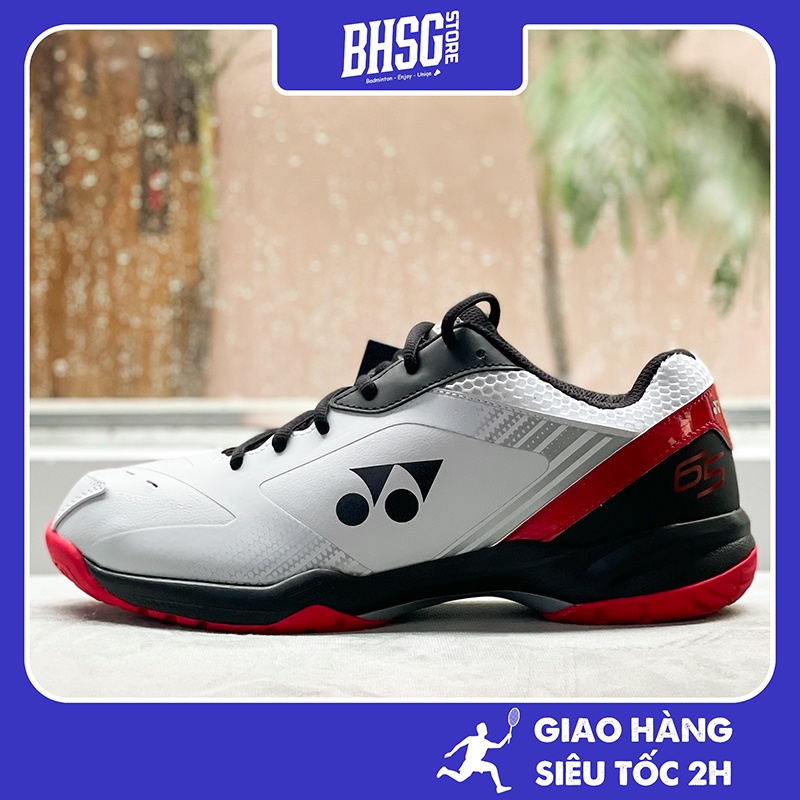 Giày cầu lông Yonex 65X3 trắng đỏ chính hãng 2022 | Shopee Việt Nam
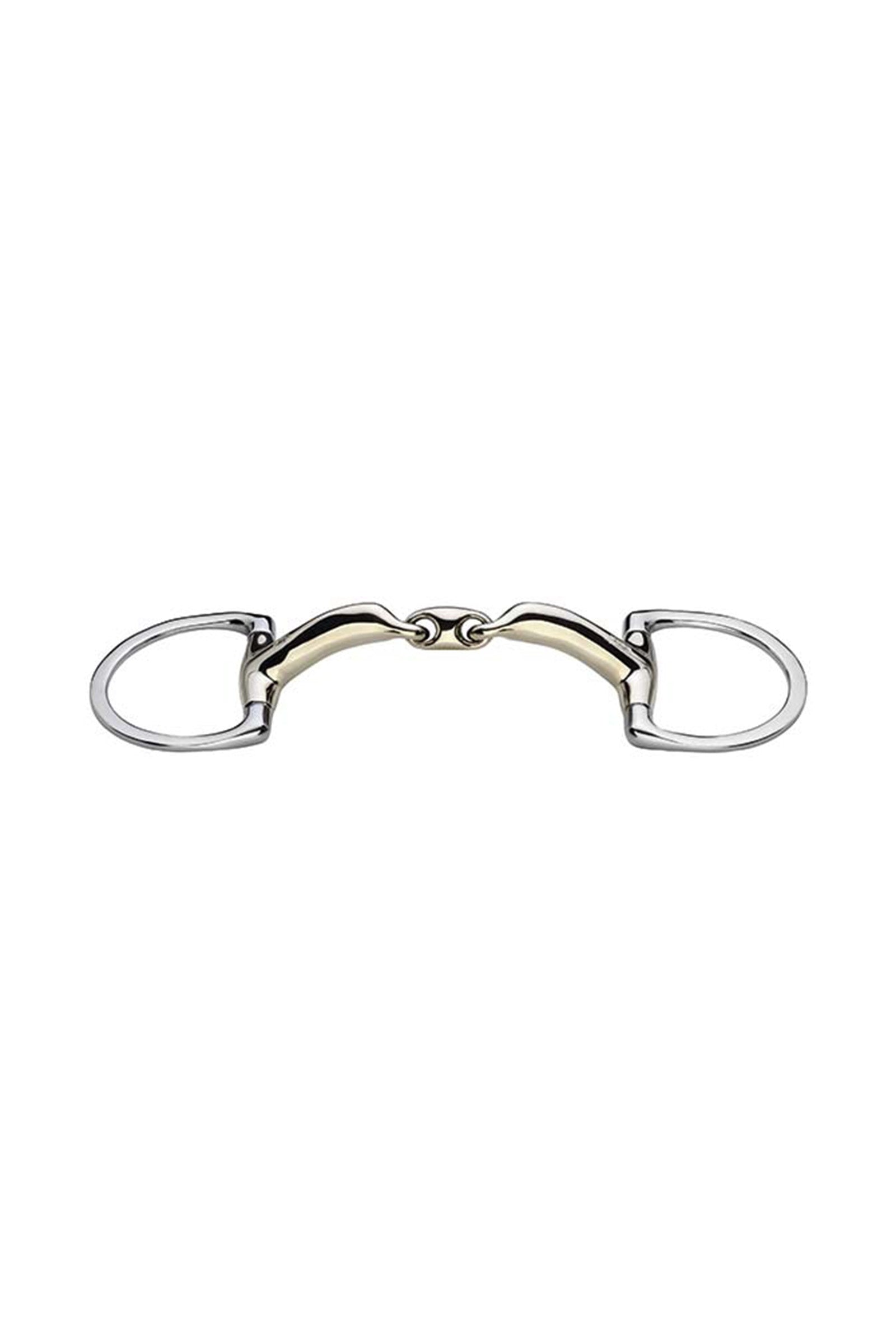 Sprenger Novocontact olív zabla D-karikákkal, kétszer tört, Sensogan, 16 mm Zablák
---
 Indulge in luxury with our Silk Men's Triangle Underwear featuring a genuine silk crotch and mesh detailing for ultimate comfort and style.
--
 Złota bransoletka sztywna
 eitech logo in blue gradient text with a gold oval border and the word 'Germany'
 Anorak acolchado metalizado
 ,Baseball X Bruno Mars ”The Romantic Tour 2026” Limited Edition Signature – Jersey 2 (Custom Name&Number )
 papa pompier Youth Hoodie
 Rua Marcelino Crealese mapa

- Exercise requirements
In the listing above, find the line with "Giày cầu lông" and the line with "Sprenger Novocontact olív". Set down exactly those lines and everything between them, skipping pictures.

- Reply to the exercise
 Giày cầu lông Yonex 65X3 trắng đỏ chính hãng 2022 | Shopee Việt Nam
 Sprenger Novocontact olív zabla D-karikákkal, kétszer tört, Sensogan, 16 mm Zablák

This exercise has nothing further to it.